PROBLEM DETAILS: Only the lines below from the one containing "Apartment Rosnicka, Perfect" through the one containing "Toyota 2.5V, 2016 8" belong in the answer, set down exactly, with the pictures left out.

DATA SHOWN:
= Beginning of Section =

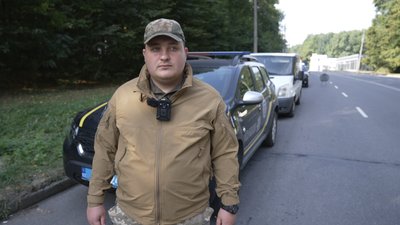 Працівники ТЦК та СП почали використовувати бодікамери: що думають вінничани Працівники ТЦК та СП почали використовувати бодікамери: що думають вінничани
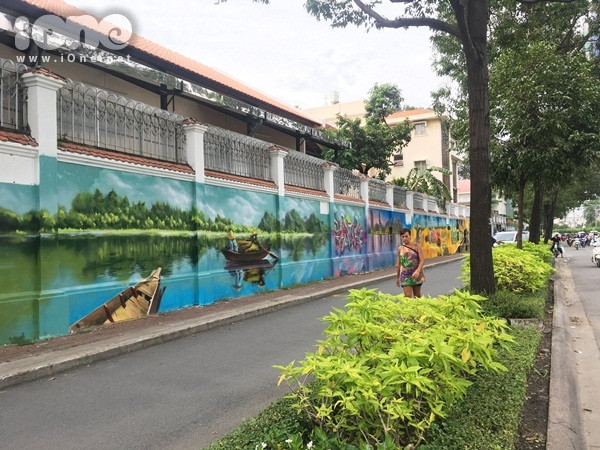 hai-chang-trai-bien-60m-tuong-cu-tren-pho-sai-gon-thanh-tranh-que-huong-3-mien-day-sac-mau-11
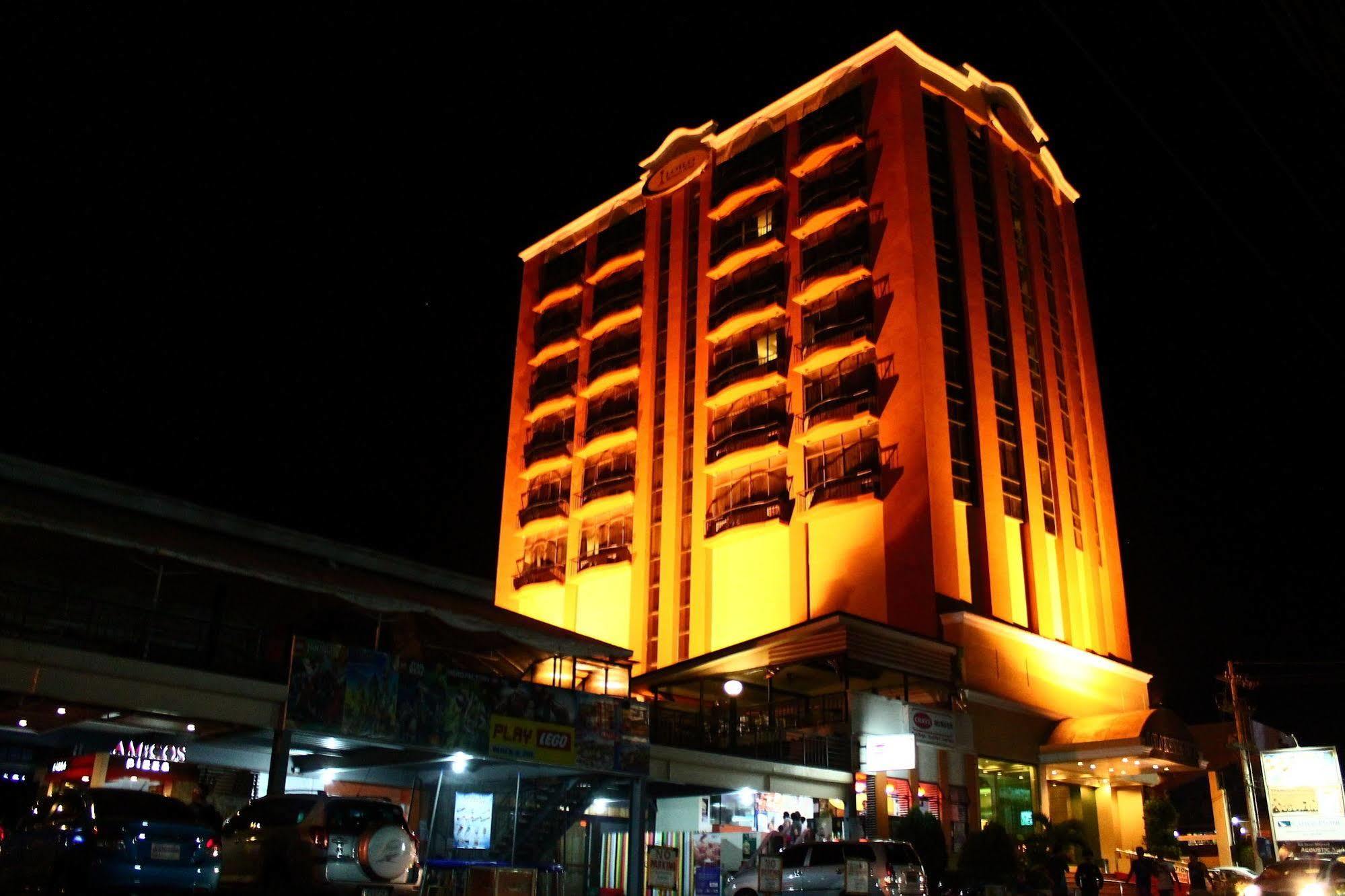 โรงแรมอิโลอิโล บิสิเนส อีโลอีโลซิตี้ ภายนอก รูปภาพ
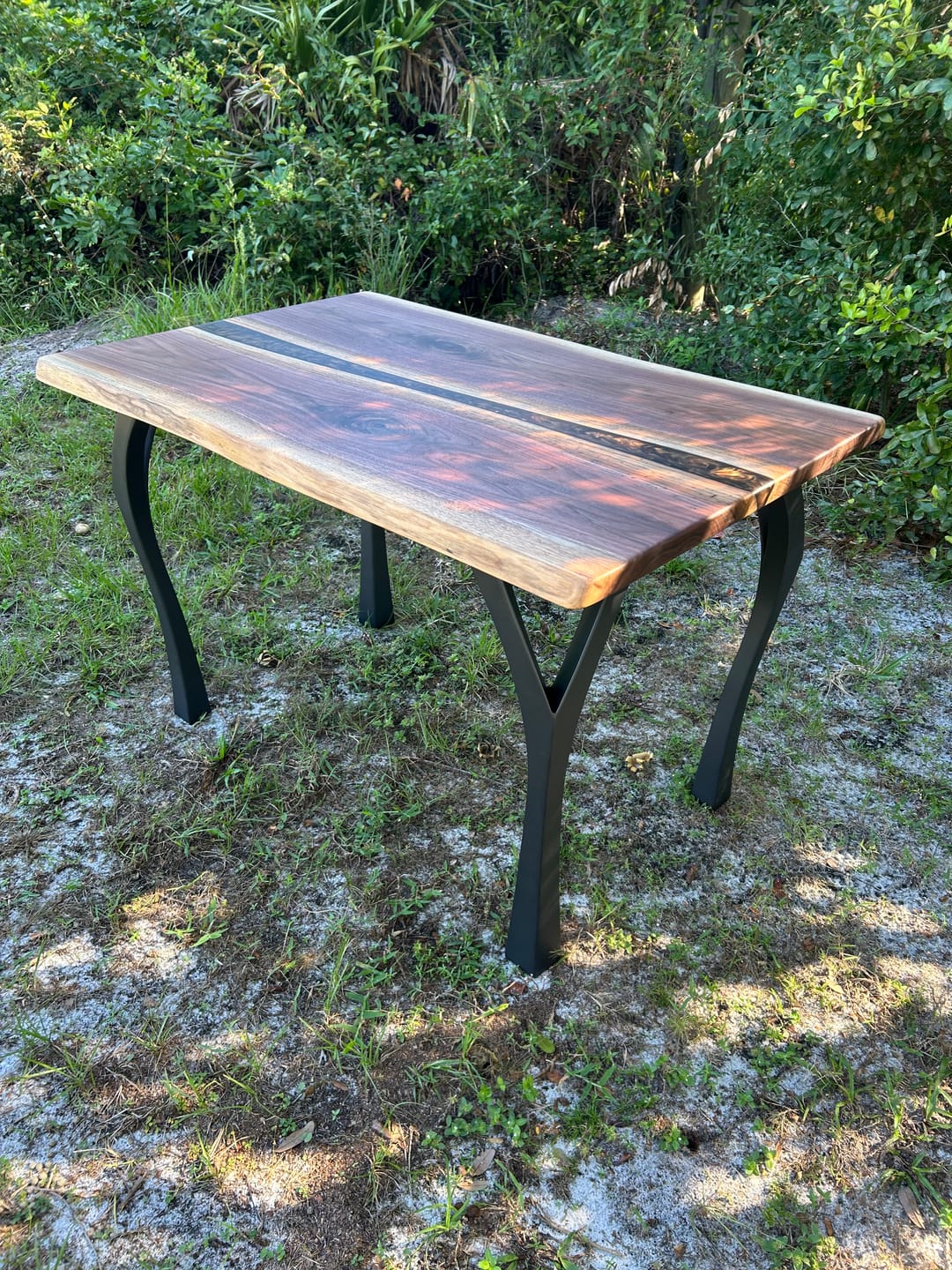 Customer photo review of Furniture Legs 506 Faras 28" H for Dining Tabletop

= End of Section =
= Beginning of Section =

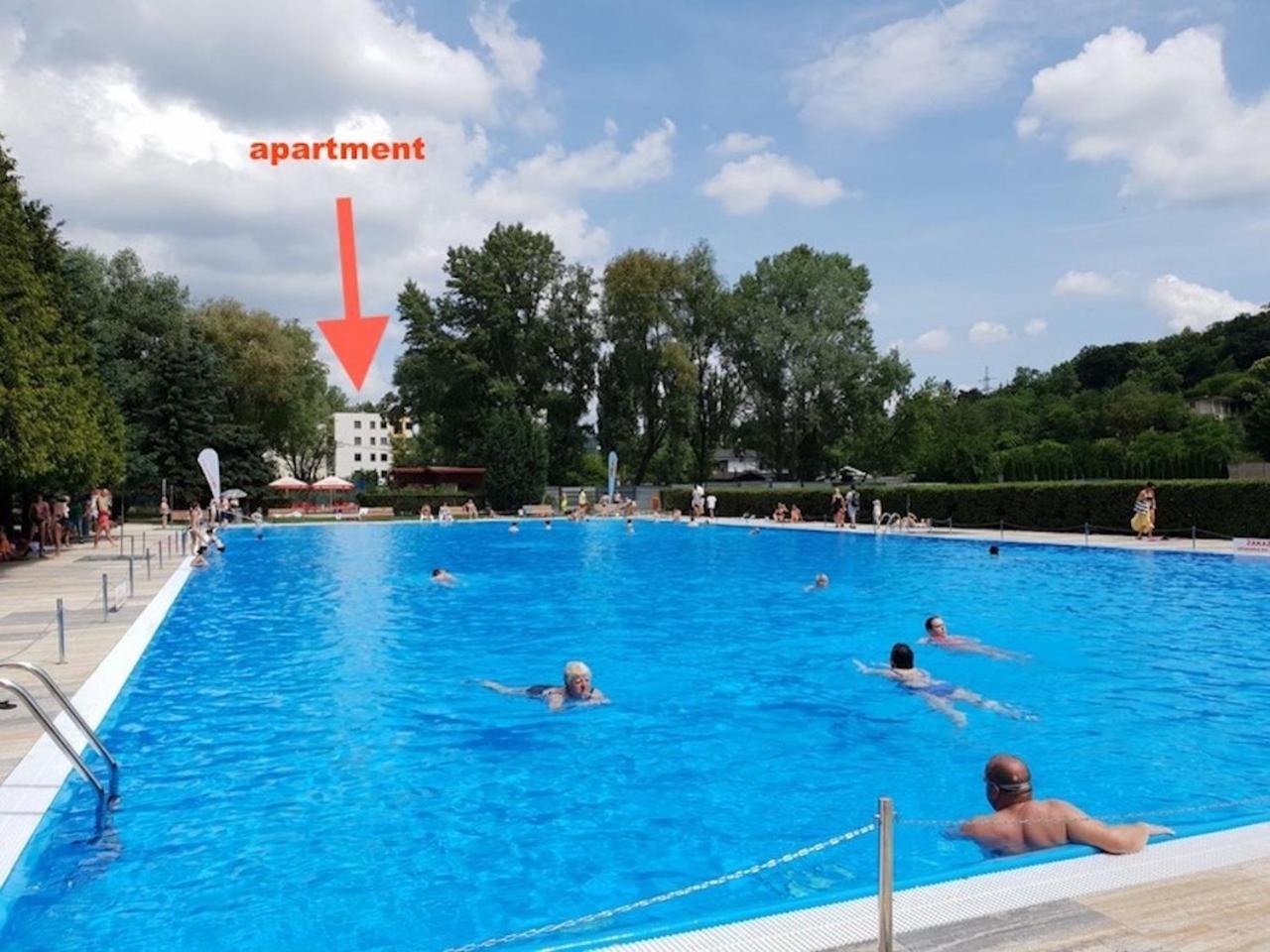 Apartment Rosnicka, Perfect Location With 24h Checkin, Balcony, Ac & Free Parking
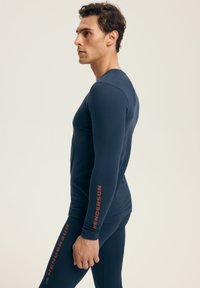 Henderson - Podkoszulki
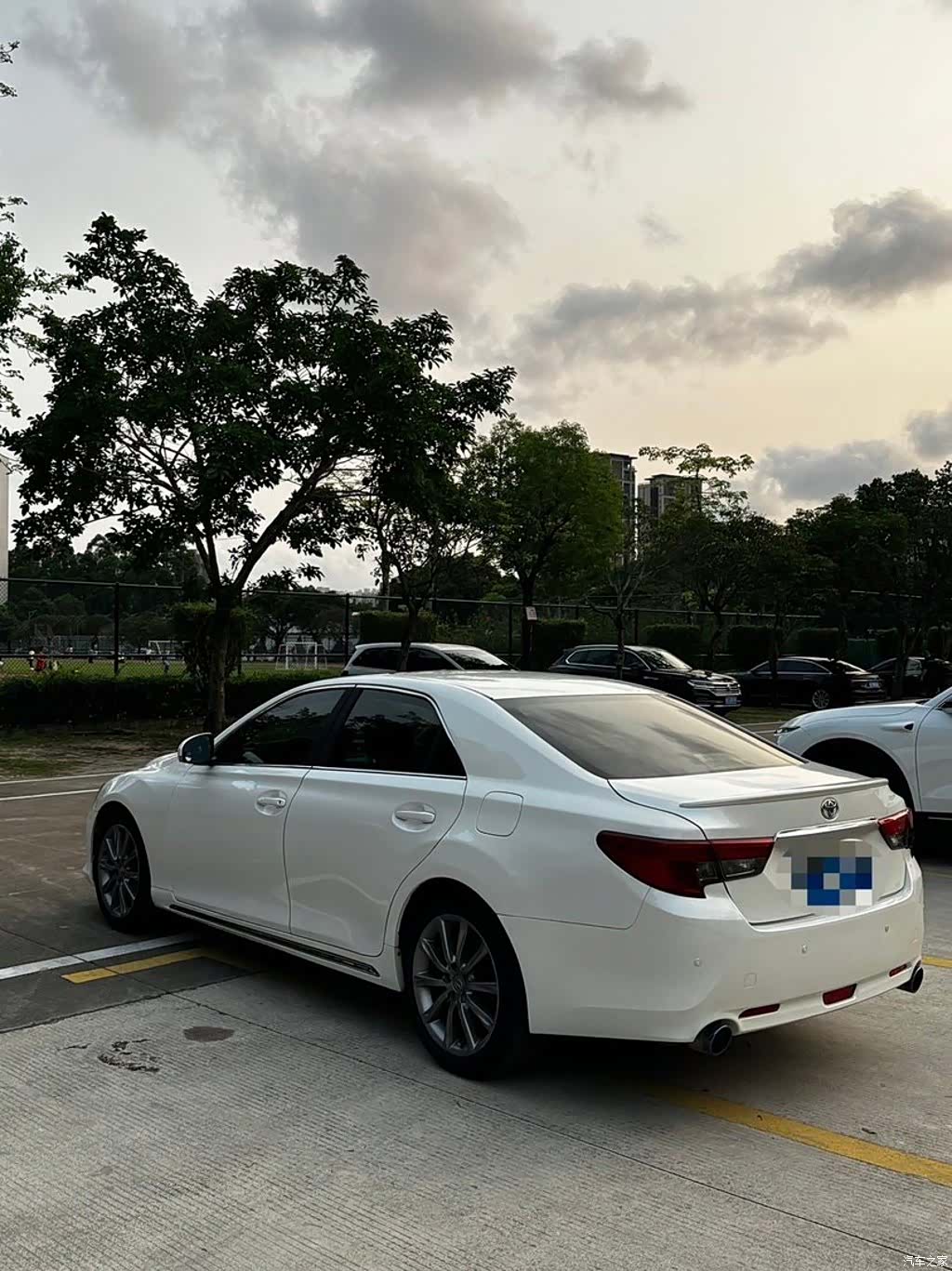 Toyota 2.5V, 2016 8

= End of Section =

TASK OUTPUT:
 Apartment Rosnicka, Perfect Location With 24h Checkin, Balcony, Ac & Free Parking
 Henderson - Podkoszulki
 Toyota 2.5V, 2016 8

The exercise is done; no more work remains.